▶ [What is being asked]:
Would you return the entries below word for word?

(Data entries)
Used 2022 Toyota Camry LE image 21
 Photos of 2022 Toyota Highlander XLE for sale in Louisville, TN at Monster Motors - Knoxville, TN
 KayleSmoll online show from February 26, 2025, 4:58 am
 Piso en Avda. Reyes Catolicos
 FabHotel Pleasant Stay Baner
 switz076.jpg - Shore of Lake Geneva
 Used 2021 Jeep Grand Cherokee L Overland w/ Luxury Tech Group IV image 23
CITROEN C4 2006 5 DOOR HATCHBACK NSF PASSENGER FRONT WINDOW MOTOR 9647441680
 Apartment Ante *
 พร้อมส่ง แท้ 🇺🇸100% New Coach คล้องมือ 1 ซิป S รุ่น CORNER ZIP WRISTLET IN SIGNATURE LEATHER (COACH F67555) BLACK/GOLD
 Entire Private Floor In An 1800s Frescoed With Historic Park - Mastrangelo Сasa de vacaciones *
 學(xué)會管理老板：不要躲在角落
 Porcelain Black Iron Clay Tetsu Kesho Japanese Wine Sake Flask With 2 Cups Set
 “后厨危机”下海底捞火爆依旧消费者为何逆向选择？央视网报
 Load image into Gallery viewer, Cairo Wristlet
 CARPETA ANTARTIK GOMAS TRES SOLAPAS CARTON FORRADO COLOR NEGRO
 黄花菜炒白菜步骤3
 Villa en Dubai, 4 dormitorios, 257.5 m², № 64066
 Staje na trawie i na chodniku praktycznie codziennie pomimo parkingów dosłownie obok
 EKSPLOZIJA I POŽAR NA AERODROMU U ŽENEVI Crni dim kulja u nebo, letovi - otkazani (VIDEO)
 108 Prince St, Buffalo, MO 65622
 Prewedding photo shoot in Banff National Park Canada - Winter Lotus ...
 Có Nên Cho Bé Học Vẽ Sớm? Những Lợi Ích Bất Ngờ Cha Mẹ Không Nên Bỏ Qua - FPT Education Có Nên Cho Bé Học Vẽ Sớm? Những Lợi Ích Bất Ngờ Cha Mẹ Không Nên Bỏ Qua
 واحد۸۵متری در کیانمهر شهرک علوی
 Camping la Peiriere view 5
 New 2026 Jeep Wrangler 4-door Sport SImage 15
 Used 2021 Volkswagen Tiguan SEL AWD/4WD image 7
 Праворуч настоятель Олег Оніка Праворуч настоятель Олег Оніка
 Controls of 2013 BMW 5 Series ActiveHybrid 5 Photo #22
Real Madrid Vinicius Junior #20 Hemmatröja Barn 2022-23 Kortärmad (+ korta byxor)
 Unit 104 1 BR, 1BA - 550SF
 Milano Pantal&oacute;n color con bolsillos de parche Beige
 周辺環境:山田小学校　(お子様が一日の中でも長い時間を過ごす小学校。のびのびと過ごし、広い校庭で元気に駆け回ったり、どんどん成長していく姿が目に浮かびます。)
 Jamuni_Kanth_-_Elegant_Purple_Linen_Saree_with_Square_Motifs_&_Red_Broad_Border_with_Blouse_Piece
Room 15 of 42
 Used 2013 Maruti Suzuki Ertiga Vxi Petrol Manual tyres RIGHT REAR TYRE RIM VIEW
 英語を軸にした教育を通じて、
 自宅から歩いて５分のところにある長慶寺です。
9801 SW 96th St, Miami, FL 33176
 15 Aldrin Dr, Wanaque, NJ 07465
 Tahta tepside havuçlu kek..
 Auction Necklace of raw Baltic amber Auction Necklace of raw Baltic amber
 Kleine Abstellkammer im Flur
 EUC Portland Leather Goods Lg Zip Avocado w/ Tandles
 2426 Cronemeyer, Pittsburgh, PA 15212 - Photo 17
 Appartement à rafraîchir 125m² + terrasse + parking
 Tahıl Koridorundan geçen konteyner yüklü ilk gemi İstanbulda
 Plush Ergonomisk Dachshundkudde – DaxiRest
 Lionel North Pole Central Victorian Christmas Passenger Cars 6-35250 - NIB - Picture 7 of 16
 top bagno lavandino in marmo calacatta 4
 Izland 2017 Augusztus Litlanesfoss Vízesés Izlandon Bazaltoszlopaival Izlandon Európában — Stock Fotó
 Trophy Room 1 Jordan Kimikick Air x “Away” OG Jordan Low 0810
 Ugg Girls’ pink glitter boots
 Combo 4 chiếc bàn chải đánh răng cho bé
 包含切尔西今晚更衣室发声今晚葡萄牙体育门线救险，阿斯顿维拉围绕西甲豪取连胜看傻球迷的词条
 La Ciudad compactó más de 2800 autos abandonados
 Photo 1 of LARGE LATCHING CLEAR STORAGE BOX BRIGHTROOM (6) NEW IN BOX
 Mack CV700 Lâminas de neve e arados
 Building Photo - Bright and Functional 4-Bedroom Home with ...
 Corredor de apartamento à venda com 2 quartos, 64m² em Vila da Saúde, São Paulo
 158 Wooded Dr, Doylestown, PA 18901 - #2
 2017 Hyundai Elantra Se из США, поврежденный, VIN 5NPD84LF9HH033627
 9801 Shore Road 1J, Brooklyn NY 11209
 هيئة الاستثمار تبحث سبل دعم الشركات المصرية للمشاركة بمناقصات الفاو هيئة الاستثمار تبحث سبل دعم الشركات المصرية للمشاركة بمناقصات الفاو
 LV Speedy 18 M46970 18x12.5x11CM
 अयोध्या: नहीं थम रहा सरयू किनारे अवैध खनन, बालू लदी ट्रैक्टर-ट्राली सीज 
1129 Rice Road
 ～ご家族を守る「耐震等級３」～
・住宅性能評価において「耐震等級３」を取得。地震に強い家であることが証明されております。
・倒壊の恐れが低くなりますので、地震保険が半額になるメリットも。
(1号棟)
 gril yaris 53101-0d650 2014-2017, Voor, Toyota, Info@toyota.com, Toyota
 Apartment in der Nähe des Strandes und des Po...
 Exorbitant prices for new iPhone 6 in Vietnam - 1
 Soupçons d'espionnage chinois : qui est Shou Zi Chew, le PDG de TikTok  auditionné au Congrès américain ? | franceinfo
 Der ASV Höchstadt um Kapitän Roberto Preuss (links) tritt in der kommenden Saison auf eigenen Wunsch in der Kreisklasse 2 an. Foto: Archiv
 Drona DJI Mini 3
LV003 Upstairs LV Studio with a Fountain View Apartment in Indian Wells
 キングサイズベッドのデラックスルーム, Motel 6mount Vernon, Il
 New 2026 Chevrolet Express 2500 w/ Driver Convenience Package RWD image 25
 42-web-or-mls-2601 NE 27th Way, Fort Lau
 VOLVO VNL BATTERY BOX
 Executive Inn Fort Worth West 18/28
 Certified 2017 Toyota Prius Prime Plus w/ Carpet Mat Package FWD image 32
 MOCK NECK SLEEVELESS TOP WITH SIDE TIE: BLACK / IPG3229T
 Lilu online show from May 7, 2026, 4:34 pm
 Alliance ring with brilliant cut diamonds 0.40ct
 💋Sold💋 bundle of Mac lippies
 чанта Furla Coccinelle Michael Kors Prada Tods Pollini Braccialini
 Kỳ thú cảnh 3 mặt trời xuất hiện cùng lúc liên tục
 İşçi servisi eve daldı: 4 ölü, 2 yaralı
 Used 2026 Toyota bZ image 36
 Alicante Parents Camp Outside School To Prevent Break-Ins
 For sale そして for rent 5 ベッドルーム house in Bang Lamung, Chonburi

▶ [Answer to the exercise]:
Used 2022 Toyota Camry LE image 21
 Photos of 2022 Toyota Highlander XLE for sale in Louisville, TN at Monster Motors - Knoxville, TN
 KayleSmoll online show from February 26, 2025, 4:58 am
 Piso en Avda. Reyes Catolicos
 FabHotel Pleasant Stay Baner
 switz076.jpg - Shore of Lake Geneva
 Used 2021 Jeep Grand Cherokee L Overland w/ Luxury Tech Group IV image 23
CITROEN C4 2006 5 DOOR HATCHBACK NSF PASSENGER FRONT WINDOW MOTOR 9647441680
 Apartment Ante *
 พร้อมส่ง แท้ 🇺🇸100% New Coach คล้องมือ 1 ซิป S รุ่น CORNER ZIP WRISTLET IN SIGNATURE LEATHER (COACH F67555) BLACK/GOLD
 Entire Private Floor In An 1800s Frescoed With Historic Park - Mastrangelo Сasa de vacaciones *
 學(xué)會管理老板：不要躲在角落
 Porcelain Black Iron Clay Tetsu Kesho Japanese Wine Sake Flask With 2 Cups Set
 “后厨危机”下海底捞火爆依旧消费者为何逆向选择？央视网报
 Load image into Gallery viewer, Cairo Wristlet
 CARPETA ANTARTIK GOMAS TRES SOLAPAS CARTON FORRADO COLOR NEGRO
 黄花菜炒白菜步骤3
 Villa en Dubai, 4 dormitorios, 257.5 m², № 64066
 Staje na trawie i na chodniku praktycznie codziennie pomimo parkingów dosłownie obok
 EKSPLOZIJA I POŽAR NA AERODROMU U ŽENEVI Crni dim kulja u nebo, letovi - otkazani (VIDEO)
 108 Prince St, Buffalo, MO 65622
 Prewedding photo shoot in Banff National Park Canada - Winter Lotus ...
 Có Nên Cho Bé Học Vẽ Sớm? Những Lợi Ích Bất Ngờ Cha Mẹ Không Nên Bỏ Qua - FPT Education Có Nên Cho Bé Học Vẽ Sớm? Những Lợi Ích Bất Ngờ Cha Mẹ Không Nên Bỏ Qua
 واحد۸۵متری در کیانمهر شهرک علوی
 Camping la Peiriere view 5
 New 2026 Jeep Wrangler 4-door Sport SImage 15
 Used 2021 Volkswagen Tiguan SEL AWD/4WD image 7
 Праворуч настоятель Олег Оніка Праворуч настоятель Олег Оніка
 Controls of 2013 BMW 5 Series ActiveHybrid 5 Photo #22
Real Madrid Vinicius Junior #20 Hemmatröja Barn 2022-23 Kortärmad (+ korta byxor)
 Unit 104 1 BR, 1BA - 550SF
 Milano Pantal&oacute;n color con bolsillos de parche Beige
 周辺環境:山田小学校　(お子様が一日の中でも長い時間を過ごす小学校。のびのびと過ごし、広い校庭で元気に駆け回ったり、どんどん成長していく姿が目に浮かびます。)
 Jamuni_Kanth_-_Elegant_Purple_Linen_Saree_with_Square_Motifs_&_Red_Broad_Border_with_Blouse_Piece
Room 15 of 42
 Used 2013 Maruti Suzuki Ertiga Vxi Petrol Manual tyres RIGHT REAR TYRE RIM VIEW
 英語を軸にした教育を通じて、
 自宅から歩いて５分のところにある長慶寺です。
9801 SW 96th St, Miami, FL 33176
 15 Aldrin Dr, Wanaque, NJ 07465
 Tahta tepside havuçlu kek..
 Auction Necklace of raw Baltic amber Auction Necklace of raw Baltic amber
 Kleine Abstellkammer im Flur
 EUC Portland Leather Goods Lg Zip Avocado w/ Tandles
 2426 Cronemeyer, Pittsburgh, PA 15212 - Photo 17
 Appartement à rafraîchir 125m² + terrasse + parking
 Tahıl Koridorundan geçen konteyner yüklü ilk gemi İstanbulda
 Plush Ergonomisk Dachshundkudde – DaxiRest
 Lionel North Pole Central Victorian Christmas Passenger Cars 6-35250 - NIB - Picture 7 of 16
 top bagno lavandino in marmo calacatta 4
 Izland 2017 Augusztus Litlanesfoss Vízesés Izlandon Bazaltoszlopaival Izlandon Európában — Stock Fotó
 Trophy Room 1 Jordan Kimikick Air x “Away” OG Jordan Low 0810
 Ugg Girls’ pink glitter boots
 Combo 4 chiếc bàn chải đánh răng cho bé
 包含切尔西今晚更衣室发声今晚葡萄牙体育门线救险，阿斯顿维拉围绕西甲豪取连胜看傻球迷的词条
 La Ciudad compactó más de 2800 autos abandonados
 Photo 1 of LARGE LATCHING CLEAR STORAGE BOX BRIGHTROOM (6) NEW IN BOX
 Mack CV700 Lâminas de neve e arados
 Building Photo - Bright and Functional 4-Bedroom Home with ...
 Corredor de apartamento à venda com 2 quartos, 64m² em Vila da Saúde, São Paulo
 158 Wooded Dr, Doylestown, PA 18901 - #2
 2017 Hyundai Elantra Se из США, поврежденный, VIN 5NPD84LF9HH033627
 9801 Shore Road 1J, Brooklyn NY 11209
 هيئة الاستثمار تبحث سبل دعم الشركات المصرية للمشاركة بمناقصات الفاو هيئة الاستثمار تبحث سبل دعم الشركات المصرية للمشاركة بمناقصات الفاو
 LV Speedy 18 M46970 18x12.5x11CM
 अयोध्या: नहीं थम रहा सरयू किनारे अवैध खनन, बालू लदी ट्रैक्टर-ट्राली सीज 
1129 Rice Road
 ～ご家族を守る「耐震等級３」～
・住宅性能評価において「耐震等級３」を取得。地震に強い家であることが証明されております。
・倒壊の恐れが低くなりますので、地震保険が半額になるメリットも。
(1号棟)
 gril yaris 53101-0d650 2014-2017, Voor, Toyota, Info@toyota.com, Toyota
 Apartment in der Nähe des Strandes und des Po...
 Exorbitant prices for new iPhone 6 in Vietnam - 1
 Soupçons d'espionnage chinois : qui est Shou Zi Chew, le PDG de TikTok  auditionné au Congrès américain ? | franceinfo
 Der ASV Höchstadt um Kapitän Roberto Preuss (links) tritt in der kommenden Saison auf eigenen Wunsch in der Kreisklasse 2 an. Foto: Archiv
 Drona DJI Mini 3
LV003 Upstairs LV Studio with a Fountain View Apartment in Indian Wells
 キングサイズベッドのデラックスルーム, Motel 6mount Vernon, Il
 New 2026 Chevrolet Express 2500 w/ Driver Convenience Package RWD image 25
 42-web-or-mls-2601 NE 27th Way, Fort Lau
 VOLVO VNL BATTERY BOX
 Executive Inn Fort Worth West 18/28
 Certified 2017 Toyota Prius Prime Plus w/ Carpet Mat Package FWD image 32
 MOCK NECK SLEEVELESS TOP WITH SIDE TIE: BLACK / IPG3229T
 Lilu online show from May 7, 2026, 4:34 pm
 Alliance ring with brilliant cut diamonds 0.40ct
 💋Sold💋 bundle of Mac lippies
 чанта Furla Coccinelle Michael Kors Prada Tods Pollini Braccialini
 Kỳ thú cảnh 3 mặt trời xuất hiện cùng lúc liên tục
 İşçi servisi eve daldı: 4 ölü, 2 yaralı
 Used 2026 Toyota bZ image 36
 Alicante Parents Camp Outside School To Prevent Break-Ins
 For sale そして for rent 5 ベッドルーム house in Bang Lamung, Chonburi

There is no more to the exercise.